Kini sudah ada sekitar 120 murid yang belajar di sanggar Mak Pinah. Tiga di antaranya dia latih khusus untuk menjadi Gandrung Terop sepertinya. Tapi tak semudah itu. Berkali-kali Supinah sudah merasa cocok dengan karakter suara beberapa murid. Tapi, di tengah jalan mereka menyerah karena tak kuat berlatih dengan cara Mak Pinah. ”Semoga yang tiga ini jadi. Ini nggak nyari penyanyi sembarangan, tapi penerus Gandrung,” tuturnya.Turut Meruwat-Rawat lewat Patung
DI tempat yang indah di lereng Gunung Ijen sisi Banyuwangi itu, Gandrung hadir nyaris di tiap sudut. Berwujud patung yang kini mencapai 350 dan ditargetkan bisa menembus 1.000 di akhir tahun.

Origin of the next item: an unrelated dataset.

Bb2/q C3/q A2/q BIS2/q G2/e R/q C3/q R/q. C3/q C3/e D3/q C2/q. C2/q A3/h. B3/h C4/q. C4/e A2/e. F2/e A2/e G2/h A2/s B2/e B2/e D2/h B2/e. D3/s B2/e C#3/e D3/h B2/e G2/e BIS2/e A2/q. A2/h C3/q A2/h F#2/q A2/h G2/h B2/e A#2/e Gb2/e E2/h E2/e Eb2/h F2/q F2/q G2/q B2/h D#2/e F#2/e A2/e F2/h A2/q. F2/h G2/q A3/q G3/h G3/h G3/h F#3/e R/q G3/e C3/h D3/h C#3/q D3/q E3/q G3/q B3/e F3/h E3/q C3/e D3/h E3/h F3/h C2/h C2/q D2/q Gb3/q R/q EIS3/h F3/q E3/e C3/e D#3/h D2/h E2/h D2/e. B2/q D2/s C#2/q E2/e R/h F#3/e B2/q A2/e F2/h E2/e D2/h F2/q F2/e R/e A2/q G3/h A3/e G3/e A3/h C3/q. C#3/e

Itulah Taman Gandrung Terakota. ”Idenya dari pemilik tempat ini, Pak Sigit Pramono,” kata Hendrik Eka Prasetya, manajer operasional Taman Gandrung Terakota.
Sigit memang seorang fotografer lanskap dan pencinta seni. ”Makanya, suka koleksi lukisan juga. Beliau sangat ingin berkontribusi merawat seni tradisi Gandrung,” jelasnya.
Taman Gandrung Terakota persisnya berada di Dusun Blimbingsari, Desa Tamansari, Kecamatan Licin, Banyuwangi. Bentuknya kafe, dikelilingi pepohonan kelapa, kopi, cengkih, dan durian. Ada sabin alias warung makan. Balai penyambutan yang lengkap dengan alat-alat karawitan di bagian tengah. Juga, area amfiteater dan panggung untuk acara-acara pertunjukan seni.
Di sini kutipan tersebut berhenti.